Alors le Cinématon, kesako ? Il s'agit d'une compilation de portraits d'artistes répondant aux mêmes règles. Chaque portrait est constitué d'une présentation (numéro, nom, métier, date et lieu) et d'un plan fixe (pour quasiment tous), muet (toujours) et d'une durée de 3min 20 (environ). Gérard Courant est derrière la caméra et laisse carte blanche à l'artiste pour donner vie à son portrait. 2925 portraits composent à ce jour ce cinématon et le nombre ne cesse d'augmenter depuis sa création en 1977. Les personnes apparaissent au fur et à mesure des rencontres de Courant par le biais d'amis, durant des festivals (Cannes, Deauville...) ou des voyages notamment en pleine RFA. On y trouve des gens de tout âge, cinéastes, comédiens, critiques, photographes, enseignants, étudiants, sa concierge (la toute première) et même un bébé du nom de Célestine Roussel (#2862). Courant lui-même l'a testé avec un numéro 0 puis avec les numéros 1000 et 1001, soit un avant et après réveillon.


Pourquoi cette citation de Carlo Rim pour titre ? Car on revient ici aux origines du cinéma tel que les frères Lumière l'ont pensé, c'est-à-dire une autre manière de graver une image sur pellicule différemment de la photographie qui restait figée. Leurs premiers films La sortie de l'usine Lumière à Lyon ou L'arrivée d'un train en gare de la Ciotad n'avaient aucun but artistique, seulement immortaliser l'instant pour le garder en souvenir. Cela fait également penser à quelques oeuvres de Andy Warhol dans les années 60 comme Sleep (un film montrant le poète John Giorno (#1596) dormir pendant plus de 5 heures), Empire (plan fixe de l'Empire State Building pendant plus de 8 heures) ou encore Eat et Blow Job (je vous laisse deviner ce qu'on y voit...). Un cinématon, c'est donc un portrait sans triche, sans artifice, sans fiction. Une carte d'identité. Sur les presque 3000 personnes s'étant ainsi mis à nu devant la caméra de Gérard Courant au fil des années, on en distingue trois catégories.



  • La plupart reste devant la caméra sans parler, ni bouger comme s'il posait pour une photo d'identité. Ainsi Sandrine Bonnaire (#238 puis 1742) devient la réincarnation de Mona Lisa, souriant et attendant que le peintre termine sa toile.


  • D'autres font quelque chose de banal. Ils bavardent (mais comme c'est du muet...), ils fument, ils dorment. Wim Wenders (#212) lit, Jean-Luc Godard (#106) écrit.


  • Et puis il y a ceux qui ont été plus inspirés pour parler d'eux-même.
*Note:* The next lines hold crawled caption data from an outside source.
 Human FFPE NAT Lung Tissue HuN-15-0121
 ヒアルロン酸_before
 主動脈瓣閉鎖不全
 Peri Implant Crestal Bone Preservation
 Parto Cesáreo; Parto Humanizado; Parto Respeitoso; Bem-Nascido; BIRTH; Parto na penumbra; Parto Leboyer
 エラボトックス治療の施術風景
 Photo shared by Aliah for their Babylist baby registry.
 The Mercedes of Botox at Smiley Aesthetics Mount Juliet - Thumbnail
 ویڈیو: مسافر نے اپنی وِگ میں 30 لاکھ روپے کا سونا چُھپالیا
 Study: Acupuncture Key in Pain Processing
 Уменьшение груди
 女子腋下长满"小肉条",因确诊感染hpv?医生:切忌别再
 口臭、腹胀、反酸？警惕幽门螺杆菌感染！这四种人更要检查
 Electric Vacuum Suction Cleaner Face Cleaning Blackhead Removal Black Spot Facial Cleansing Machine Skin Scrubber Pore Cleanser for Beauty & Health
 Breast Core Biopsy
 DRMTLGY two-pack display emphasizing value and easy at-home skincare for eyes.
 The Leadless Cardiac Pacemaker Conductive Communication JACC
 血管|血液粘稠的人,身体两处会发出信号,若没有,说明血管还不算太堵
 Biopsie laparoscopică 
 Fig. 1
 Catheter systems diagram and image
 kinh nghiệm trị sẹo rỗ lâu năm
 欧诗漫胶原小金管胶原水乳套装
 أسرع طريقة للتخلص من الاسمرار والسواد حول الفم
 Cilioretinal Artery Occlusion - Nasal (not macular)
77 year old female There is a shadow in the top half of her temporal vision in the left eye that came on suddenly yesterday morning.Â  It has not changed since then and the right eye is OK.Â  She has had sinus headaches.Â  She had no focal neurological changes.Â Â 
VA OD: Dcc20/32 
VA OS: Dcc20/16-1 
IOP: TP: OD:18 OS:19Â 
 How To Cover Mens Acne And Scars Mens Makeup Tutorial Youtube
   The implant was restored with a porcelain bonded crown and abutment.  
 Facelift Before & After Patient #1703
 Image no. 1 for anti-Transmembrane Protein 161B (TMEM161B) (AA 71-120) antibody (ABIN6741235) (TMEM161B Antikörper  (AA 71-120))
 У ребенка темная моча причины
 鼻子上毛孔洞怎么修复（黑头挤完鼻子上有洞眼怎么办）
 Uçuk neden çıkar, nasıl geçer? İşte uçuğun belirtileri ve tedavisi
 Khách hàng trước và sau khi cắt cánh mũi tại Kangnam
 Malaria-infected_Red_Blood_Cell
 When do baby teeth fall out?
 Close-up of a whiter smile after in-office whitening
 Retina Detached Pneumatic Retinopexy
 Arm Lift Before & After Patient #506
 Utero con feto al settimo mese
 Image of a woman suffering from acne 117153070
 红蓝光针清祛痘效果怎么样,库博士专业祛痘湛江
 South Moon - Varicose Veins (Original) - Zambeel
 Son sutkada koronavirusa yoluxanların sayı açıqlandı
Parlons du cinéaste libanais Gabriel Chahine (#20) qui nous montre son cul (y en fallait bien un !), de l'entarteur Noël Godin (#214) qui en fait des caisses, du comédien Alain Chabat (#976) parvenant à avaler un litre et demi d'eau, du journaliste PPDA (#621) avec son panneau disant que le voir vieillir de 3 minutes n'est pas intéressant et laissant donc sa place à la mer ou de mon préféré Terry Gilliam (#601) rendant hommage à la folie des Monty Python. On ne va pas tous les détailler mais voici une liste des plus connus ayant participé, , de Gaspard Noé (#1749) à Franck Dubosc (#741) en passant par Gérard Jugnot (#506), Roberto Benigni (#801), Jack Lang (#884) ou encore Frédéric Mittérand (#291). On aussi un photographe qui se prend en photo, des gens qui se cachent. Et je ne parle même pas des petits malins qui essayent de s'affranchir des contraintes en utilisant l'écrit pour se faire entendre ou en démolissant le cadre.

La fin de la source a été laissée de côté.